> **REQUIRED WORK**:
Please retype the listing below exactly as it stands, skipping any pictures.

::: COLLECTED MATERIAL :::

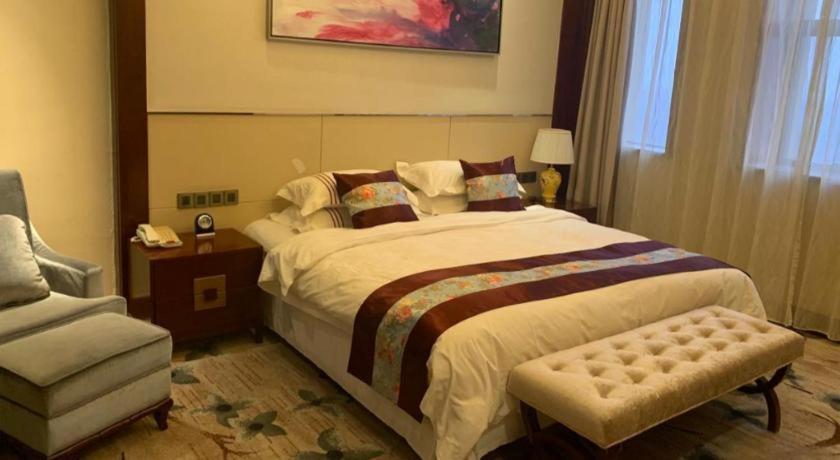 Dezhou Regal Kangbo Hotel Zewnętrze zdjęcie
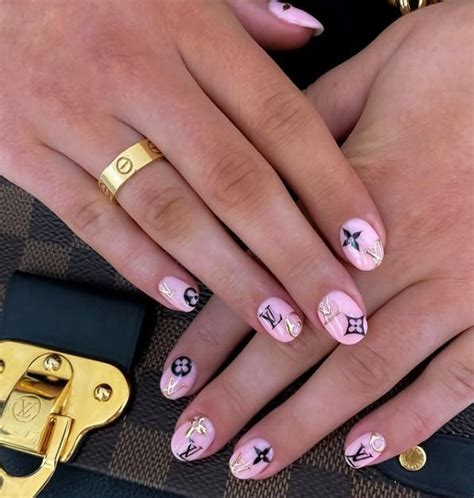 lv nail polish|louis vuitton press on nails.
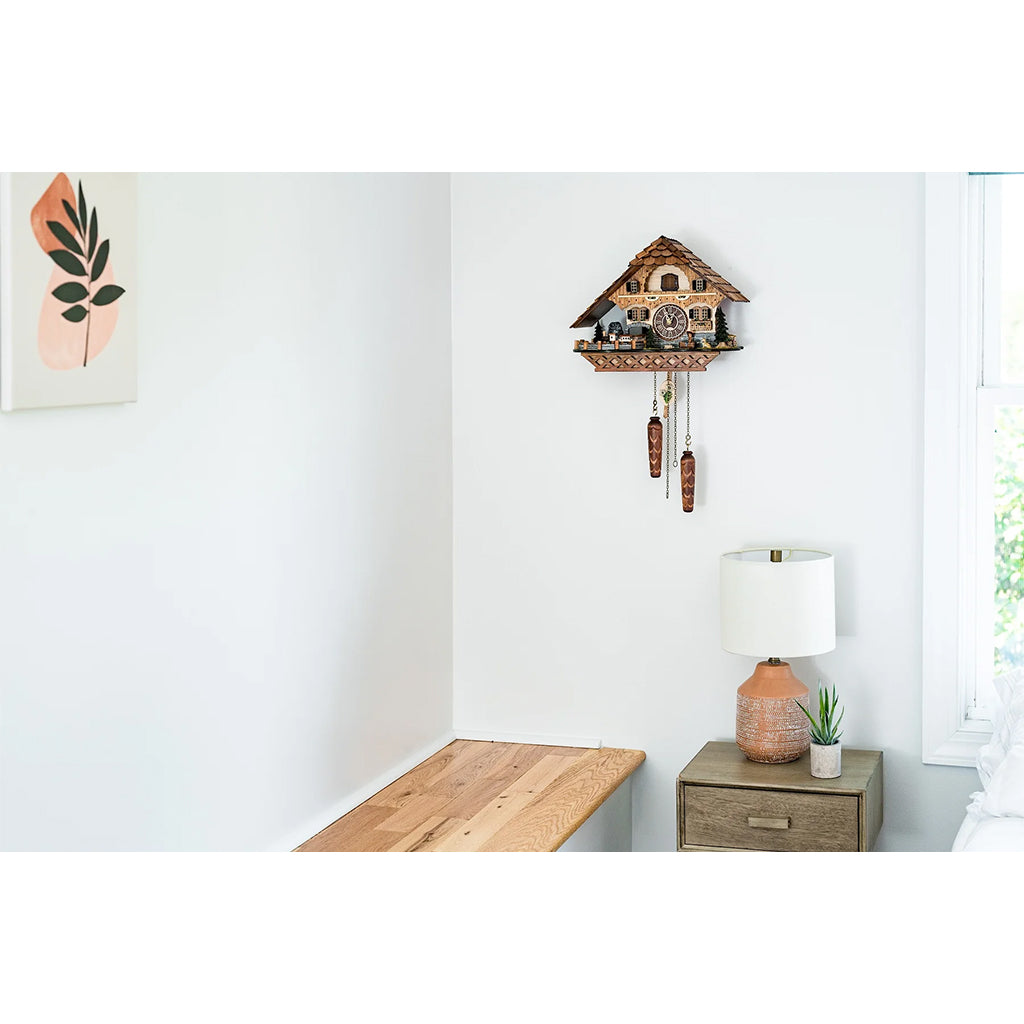 Hermle Phillip Cuckoo Clock in interior design - Premier Clocks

:::

> **ANSWER TO THE EXERCISE**:
 Dezhou Regal Kangbo Hotel Zewnętrze zdjęcie
 lv nail polish|louis vuitton press on nails.
 Hermle Phillip Cuckoo Clock in interior design - Premier Clocks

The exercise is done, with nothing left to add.